One reason they hold their value well is because they have low mileage. They’re not practical cars to use on a daily basis, not to mention maintenance costs which are quite high if you use the car often.
I also wedged my skateboard in the back window when it was open, causing it to completely shatter when the owner tried to close it. Didn't appreciate what a bone-headed move that was at the time, but you've enlightened me.
> Ferraris have to be serviced by licensed mechanics.
"Have to"? Says who? "Licensed"? By who?
As someone who is very close to both the "factory authorized" and "non-authorized" sides of the Ferrari service industry, this is incorrect or at best a gross oversimplification of things like warranty service or the Ferrari Classiche process.
There are a lot of misunderstandings and myths circulating about Ferrari ownership, but this is a new one to me.
Not that car. A '93 NSX today will be bought by a new-money millionaire in his 40s as a nostalgia piece, his dream car from when he was a teenager in the 90s. It will be kept as stock as reasonable. Even the photographs are designed for such a buyer. An NSX on a crisp Chicago day is the definition of 90s cool.
> Ferraris have to be serviced by licensed mechanics.
If you’re talking about special ones like La Ferrari or some others, i can tell you that there are lots of 458 italia and California and Cali T that have been in no-name shops and still being sold without any problem.
>> not to mention maintenance costs which are quite high.
I remember watching Gas Monkey Garage where they bought a smashed Ferrari F40 for $400K. One of the funniest scenes was Richard Rawlings on the phone with the Ferrari parts dealer telling him how expensive the parts were he needed to rebuild the car with. The funniest was the juxtaposition of Richard, a guy who's used to haggling with people to get a good price on everything, and here he was being reminded that these were OEM Ferrari parts with the quip, "How much for a quarter panel? Yeah, I KNOW its a real Ferrari quarter panel!" with the standard eye roll that the cost of this was killing him.
The whole show gave a glimpse into owning one of these cars. IF something does happen to it, in order for it to be "certified" as a legit Ferrari, you have use all OEM parts and have a person from Ferrari oversee the repairs. The whole show was a lesson in the amount of time and money needed to own one of these - even if you don't drive it very much.
The cost of a Ferrari isn't in the car. It's in the insurance, maintenance, and stress of anything happening to the car. I for one would hate to have a luxury vehicle even if I could afford it and even if you guaranteed to buy it back from me for the same amount I'd get investing in the stock market.

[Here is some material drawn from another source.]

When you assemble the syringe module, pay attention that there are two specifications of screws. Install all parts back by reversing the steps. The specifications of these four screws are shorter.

Yeah, I feel like I could (should?) get around town faster in a beat up Corolla, and getting around faster on a highway in a supercar would require taking a lot of physical + legal risk.

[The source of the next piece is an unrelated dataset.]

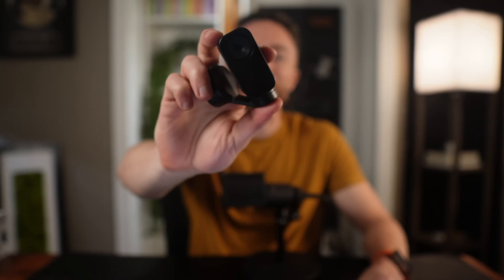AI seems to be everywhere these days, and it has finally come to webcams. This is the Insta360 Link 2. And before you think to yourself, why do you need AI inside of a webcam of all places, just wait until you see what this thing can do.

Thats true for most cars with a bit of a cult interest past a certain age, not just ferrari. An old civic in one of the nicer engine trims would also hold value at this point, even appreciate.

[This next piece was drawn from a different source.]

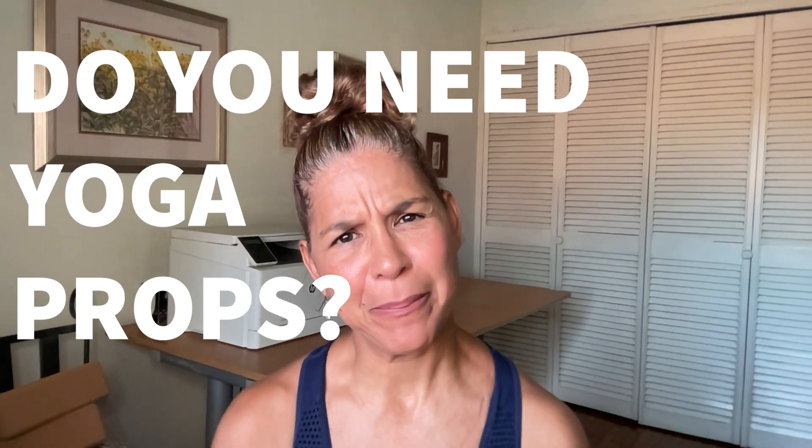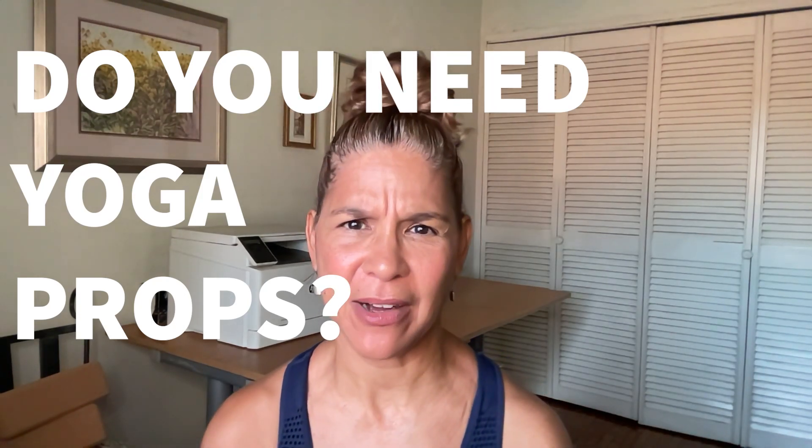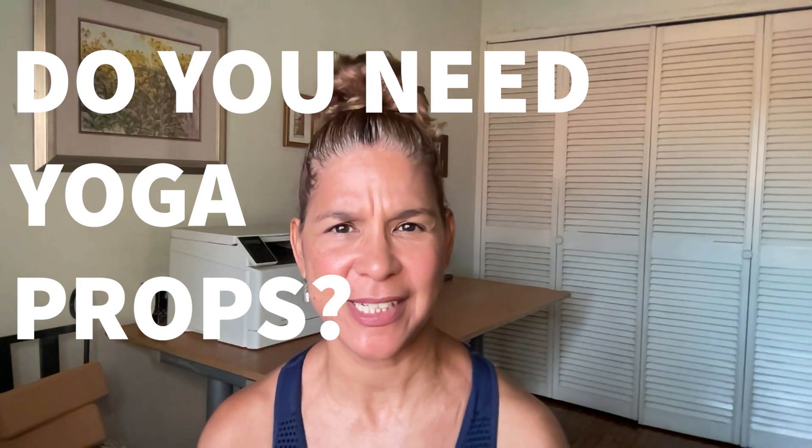Do you need yoga props? If you're new to yoga you've probably been wondering about this. My answer is no, not really — you don't really need yoga props, but they're helpful. I'm Karin from Karin Yoga Life, a certified yoga teacher based in Kingston, Jamaica. Today I'm going to talk about yoga props, which ones you might want to get, and which ones you really don't need.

So...no fun allowed? You can buy the car exclusively for the purpose of being seen in said car. I am definitively not a car guy, but what's the point if you do not red-line it for some quick thrills?
Whatever makes people happy, I guess. I will continue to drive my ~zero maintenance Honda without regrets.
I've ridden in two Ferraris, and they were very much "red-lined for quick thrills". The "Ferrari rules" may build a mystique, but there's also some juice in breaking rules.
...to get an allocation for the latest and greatest model. Pretty sure you can walk into most Ferrari dealers today and order a Roma, for example, without previous ownership history.